In it he said the last enemy was fear itself, and if you could conquer that bastard, you could beat all the others.

He was right, so right.

Which is why it makes me so sad to see our people, once the bravest in the world, consumed by a knicker-wetting panic, deliberate­ly preached over many months by people who are supposed to be leading us.

Revelation after revelation shows the Covid-19 pandemic actually has a far lower death toll than we have been told. The books have been cooked, the figures doctored (which is more than we have been) and the lethality grossly exaggerate­d.

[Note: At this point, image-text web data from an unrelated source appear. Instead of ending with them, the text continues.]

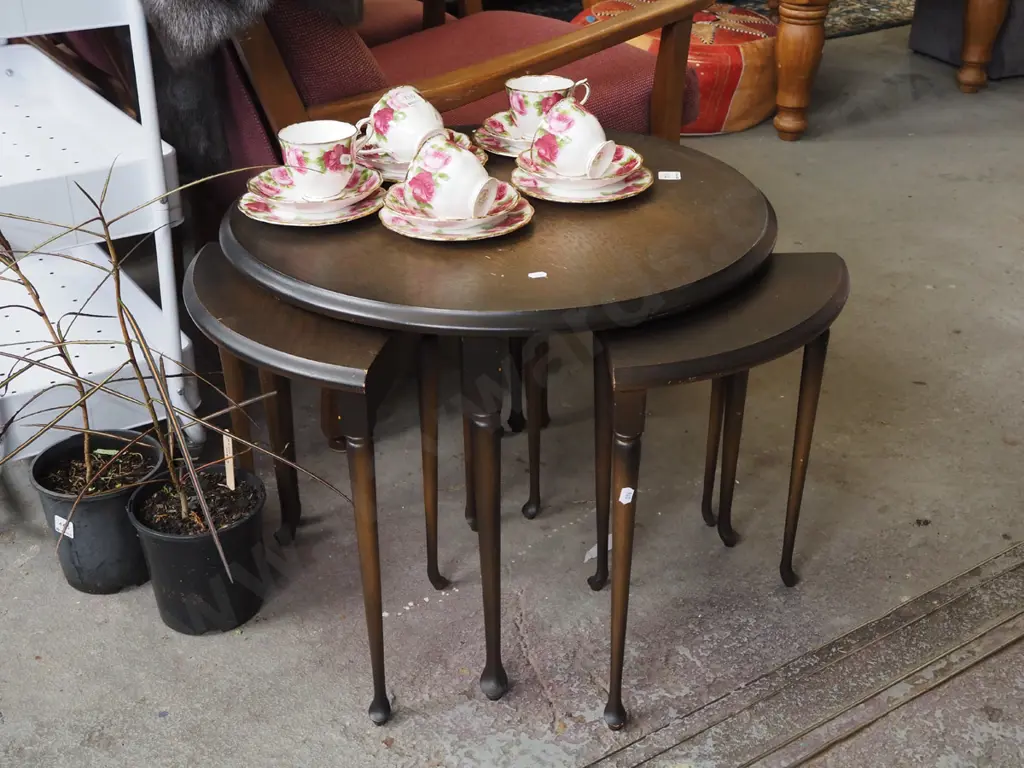 dark stained oak veneer circular nest of 5 tables Image 1++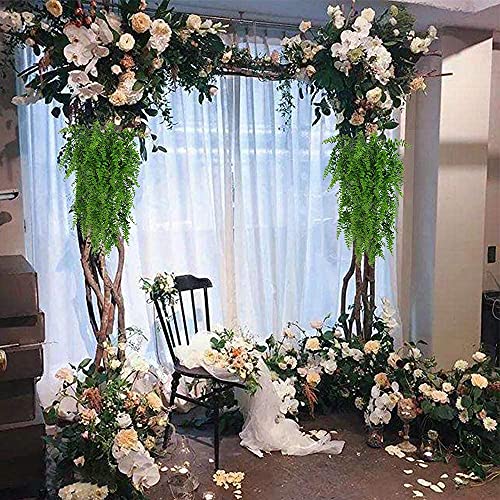 Artificial Plants 4 Pcs, Vines Ferns Persian Rattan Fake Hanging Plant Faux Hanging Boston Ivy Leaves Fern Outdoor UV Resistant Plastic Plants for Wall Indoor Vine (Green) - color: Boston Vine - 4pcs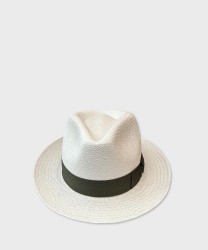 Panizza Panama hat in white straw, green band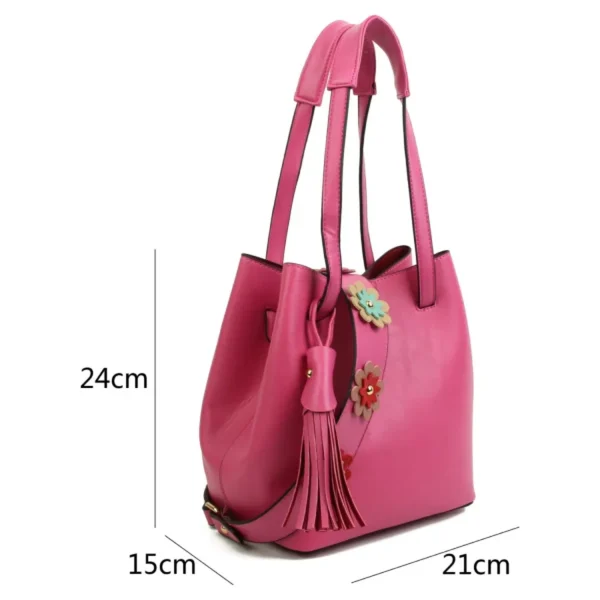 Pink bucket bag with dimensions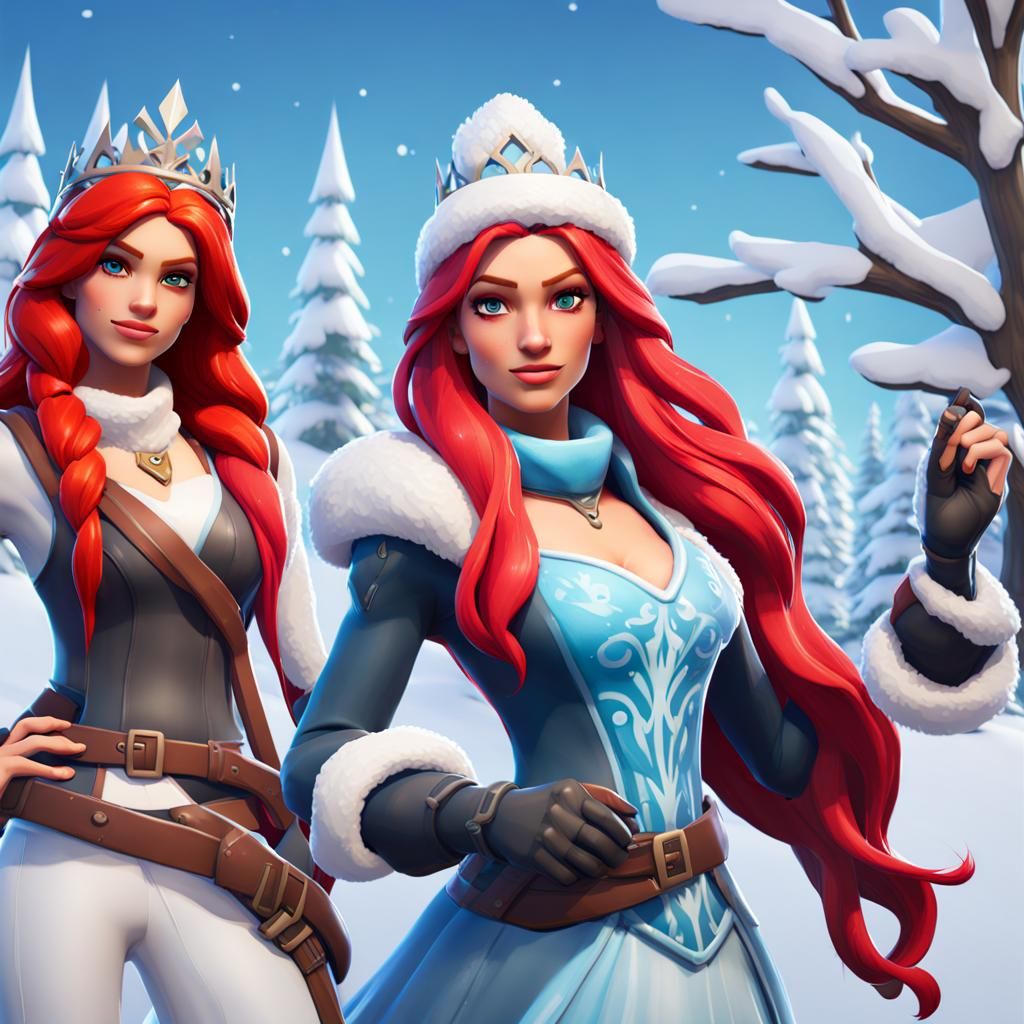 Fortnite Winter Princess with Long Red Hair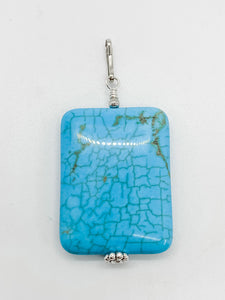 Blue Turquoise Color Large Rectangle Stone - Ribbons and Spice Boutique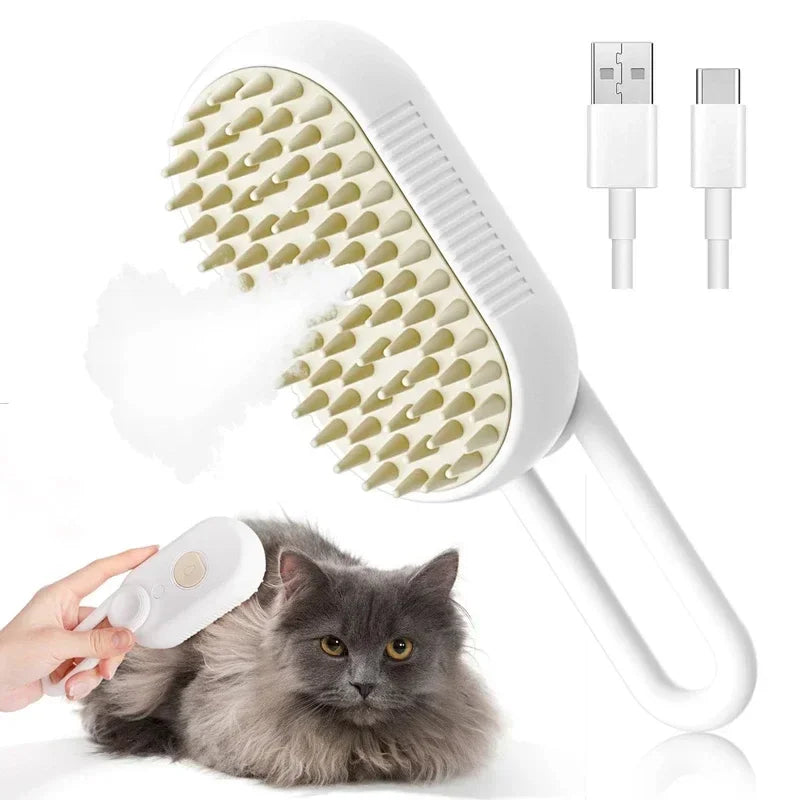 White Steam Pet Brush 3-in-1 Grooming Comb for Dogs & Cats – Spray Massage Brush for Tangled & Loose Hair Removal (1–2pcs)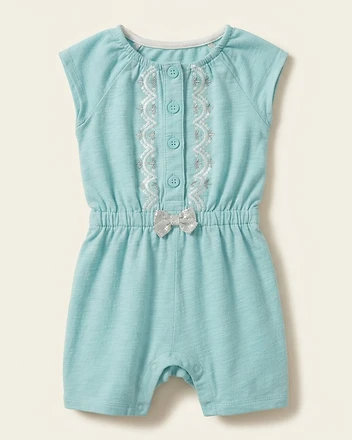 Embroidered Cotton Romper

In the process our booming economy has been damaged almost beyond repair, hundreds of thousands of small and medium businesses destroyed, giants reduced to shells consumed by debt, millions made redundant and the hopes of the young smashed. The pending taxes alone will reduce millions expecting a comfortabl­e old age to penury.

I suspect that one day the final, and accurate, picture will reveal the extra death toll to be 10 or 15 per cent more than the annual norm.

I doubt the spirit of Richard Hillary would even recognise us.